:: Source data ::
[Start of section]
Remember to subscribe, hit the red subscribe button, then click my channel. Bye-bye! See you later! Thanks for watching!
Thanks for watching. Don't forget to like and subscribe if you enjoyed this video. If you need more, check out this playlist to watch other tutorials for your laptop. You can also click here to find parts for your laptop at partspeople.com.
[End of section]
[Start of section]
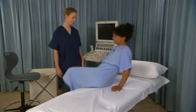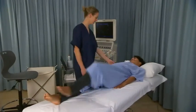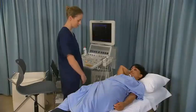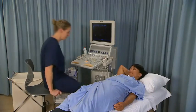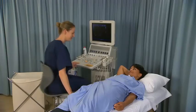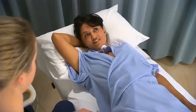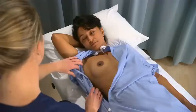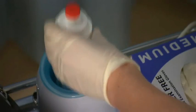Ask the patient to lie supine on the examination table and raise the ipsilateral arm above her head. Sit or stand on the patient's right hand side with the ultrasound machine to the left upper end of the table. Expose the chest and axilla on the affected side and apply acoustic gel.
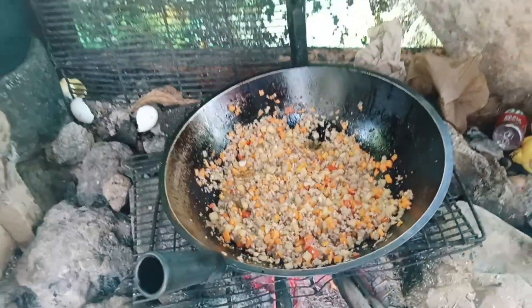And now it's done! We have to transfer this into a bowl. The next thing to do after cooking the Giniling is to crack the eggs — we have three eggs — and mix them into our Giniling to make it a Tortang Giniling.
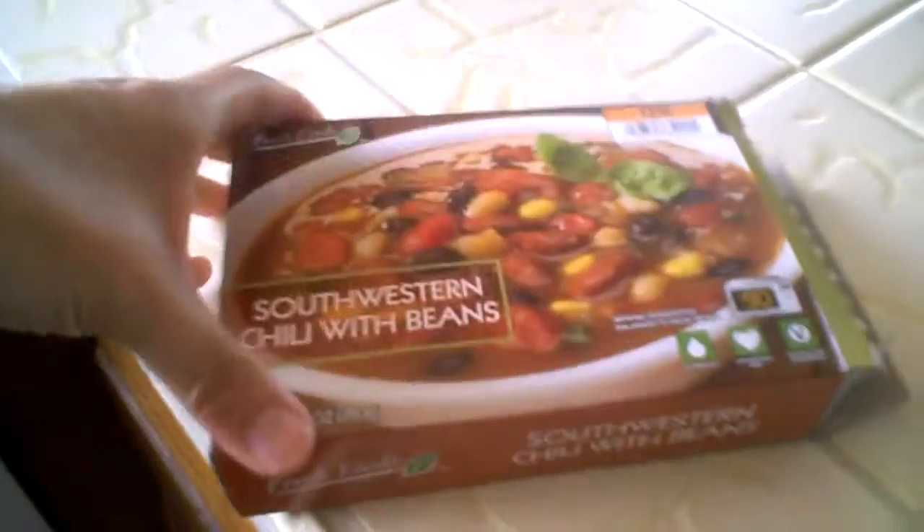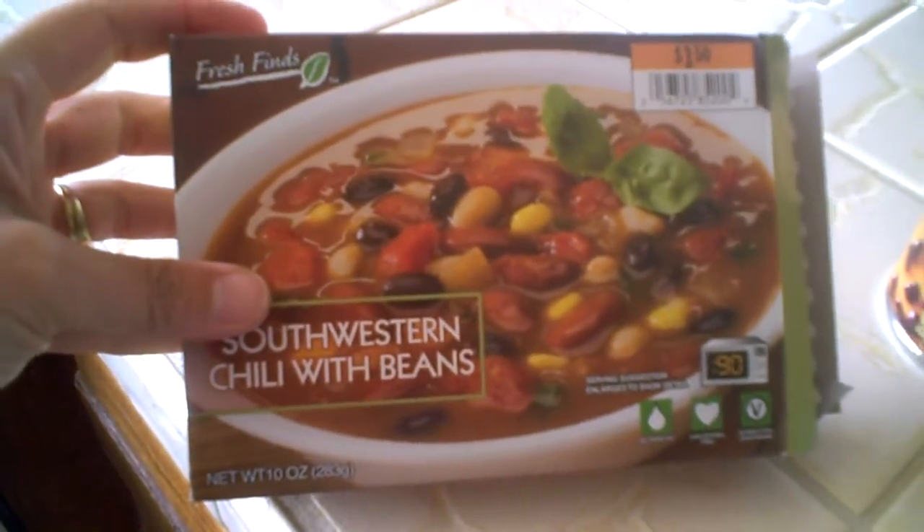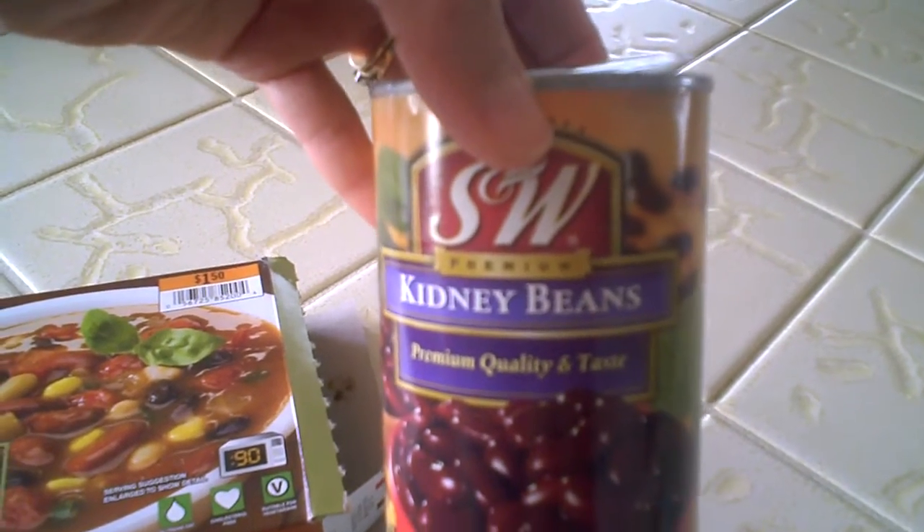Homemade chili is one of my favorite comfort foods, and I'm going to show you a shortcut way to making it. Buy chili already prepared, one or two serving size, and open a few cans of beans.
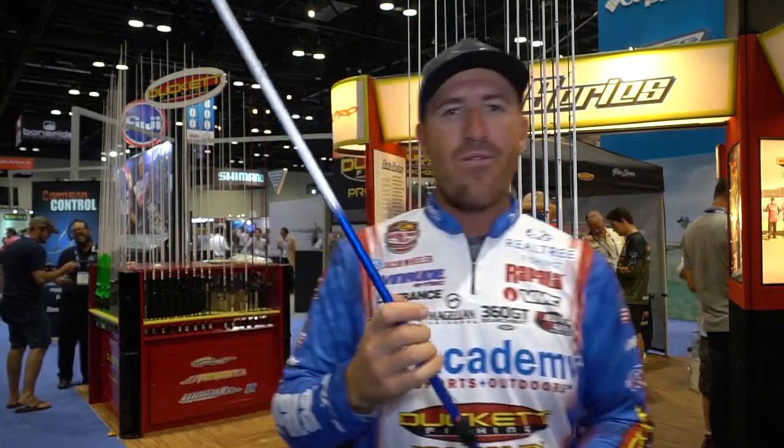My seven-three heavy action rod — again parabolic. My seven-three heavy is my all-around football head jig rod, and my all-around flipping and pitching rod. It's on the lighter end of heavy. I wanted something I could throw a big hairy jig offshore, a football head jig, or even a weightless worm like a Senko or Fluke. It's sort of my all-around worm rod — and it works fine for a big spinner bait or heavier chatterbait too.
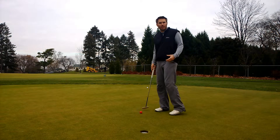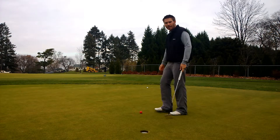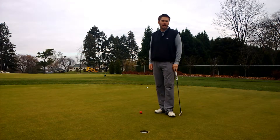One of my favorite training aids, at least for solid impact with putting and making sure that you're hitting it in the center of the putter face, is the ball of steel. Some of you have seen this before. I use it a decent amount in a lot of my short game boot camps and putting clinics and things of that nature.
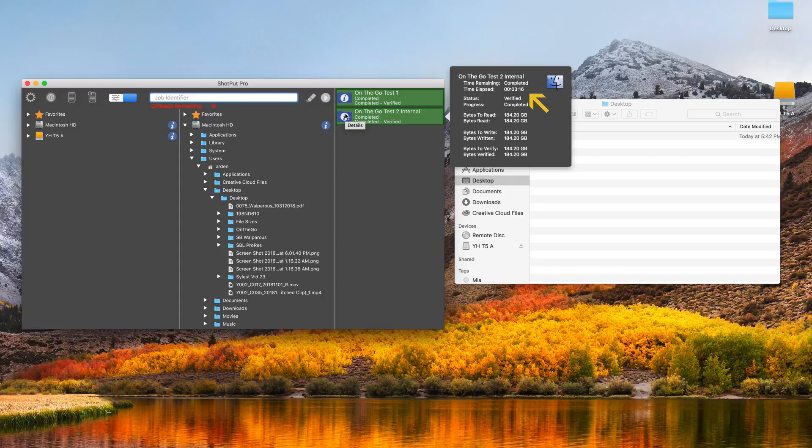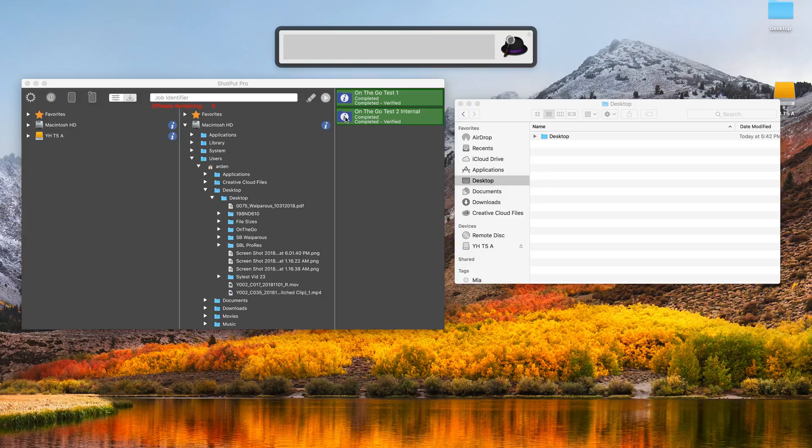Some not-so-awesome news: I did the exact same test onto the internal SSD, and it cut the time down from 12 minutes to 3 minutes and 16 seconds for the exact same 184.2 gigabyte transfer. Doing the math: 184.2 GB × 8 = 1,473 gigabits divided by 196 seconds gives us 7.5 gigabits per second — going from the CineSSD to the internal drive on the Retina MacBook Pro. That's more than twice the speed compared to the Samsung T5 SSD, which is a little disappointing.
[End of section]
[Start of section]
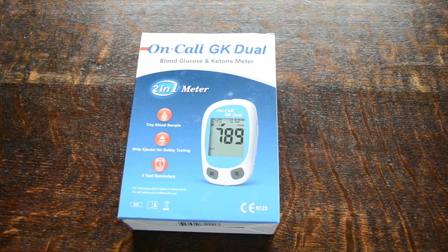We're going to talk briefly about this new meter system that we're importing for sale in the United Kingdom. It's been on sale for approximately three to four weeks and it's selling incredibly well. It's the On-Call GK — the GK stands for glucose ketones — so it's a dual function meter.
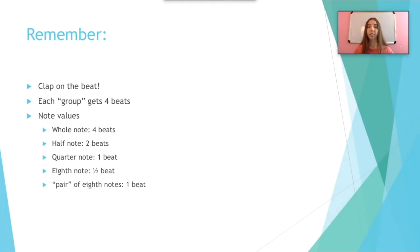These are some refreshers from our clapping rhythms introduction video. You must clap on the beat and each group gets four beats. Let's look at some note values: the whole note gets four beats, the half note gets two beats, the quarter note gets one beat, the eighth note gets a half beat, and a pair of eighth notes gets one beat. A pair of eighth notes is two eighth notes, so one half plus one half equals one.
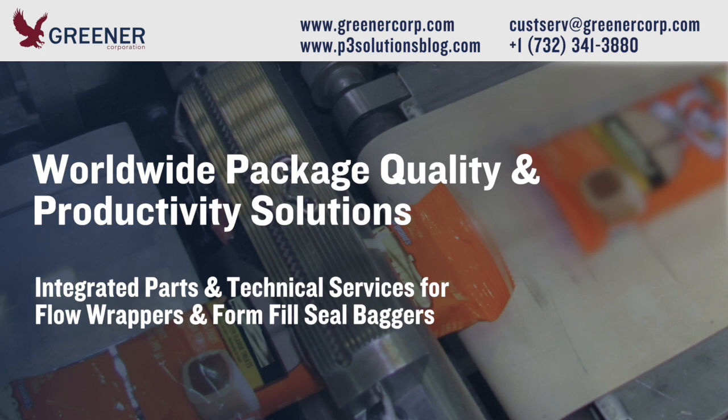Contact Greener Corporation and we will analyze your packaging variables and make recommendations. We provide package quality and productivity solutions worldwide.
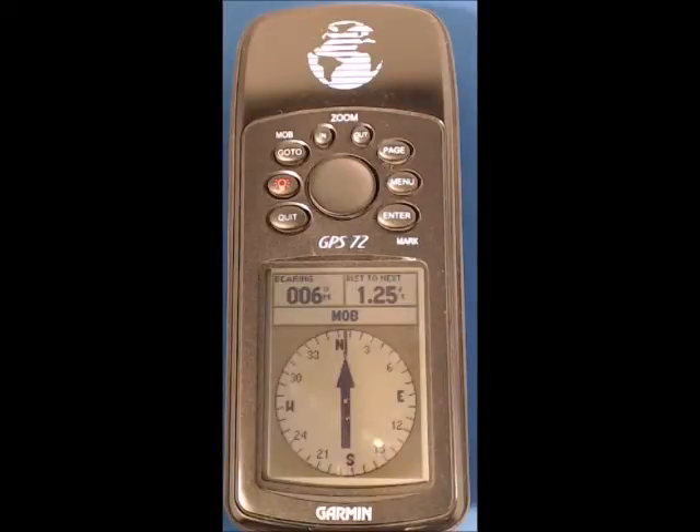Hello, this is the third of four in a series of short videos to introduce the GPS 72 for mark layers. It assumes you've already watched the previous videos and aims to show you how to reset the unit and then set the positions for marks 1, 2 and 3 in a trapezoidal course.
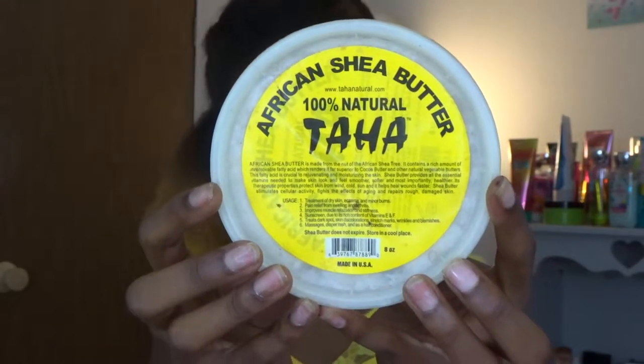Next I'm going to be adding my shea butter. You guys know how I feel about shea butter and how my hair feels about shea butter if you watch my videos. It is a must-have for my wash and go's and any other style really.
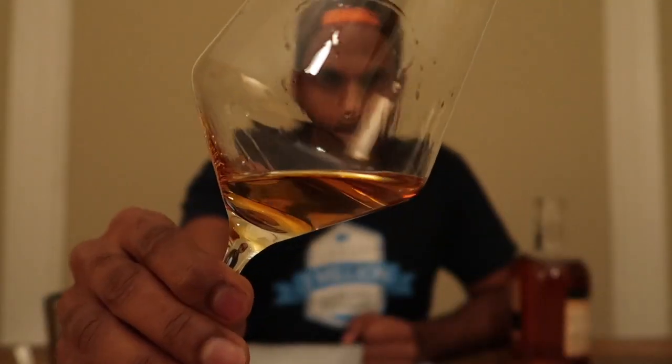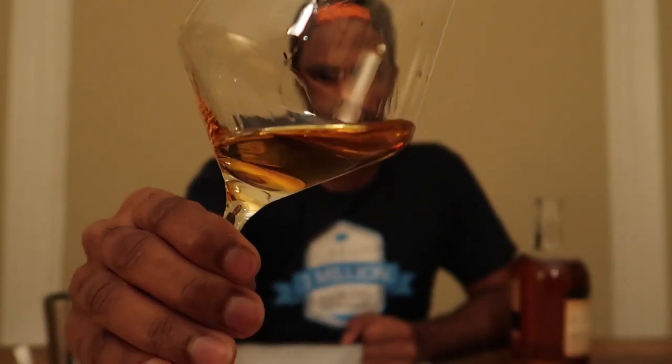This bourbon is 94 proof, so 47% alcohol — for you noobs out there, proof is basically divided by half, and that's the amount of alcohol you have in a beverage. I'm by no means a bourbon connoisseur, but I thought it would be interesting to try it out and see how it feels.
[End of section]
Go down the entries above from the line containing "And now it's" to the line containing "My seven-three heavy action" and write out each line exactly, leaving pictures out.

And now it's done! We have to transfer this into a bowl. The next thing to do after cooking the Giniling is to crack the eggs — we have three eggs — and mix them into our Giniling to make it a Tortang Giniling.
Homemade chili is one of my favorite comfort foods, and I'm going to show you a shortcut way to making it. Buy chili already prepared, one or two serving size, and open a few cans of beans.
My seven-three heavy action rod — again parabolic. My seven-three heavy is my all-around football head jig rod, and my all-around flipping and pitching rod. It's on the lighter end of heavy. I wanted something I could throw a big hairy jig offshore, a football head jig, or even a weightless worm like a Senko or Fluke. It's sort of my all-around worm rod — and it works fine for a big spinner bait or heavier chatterbait too.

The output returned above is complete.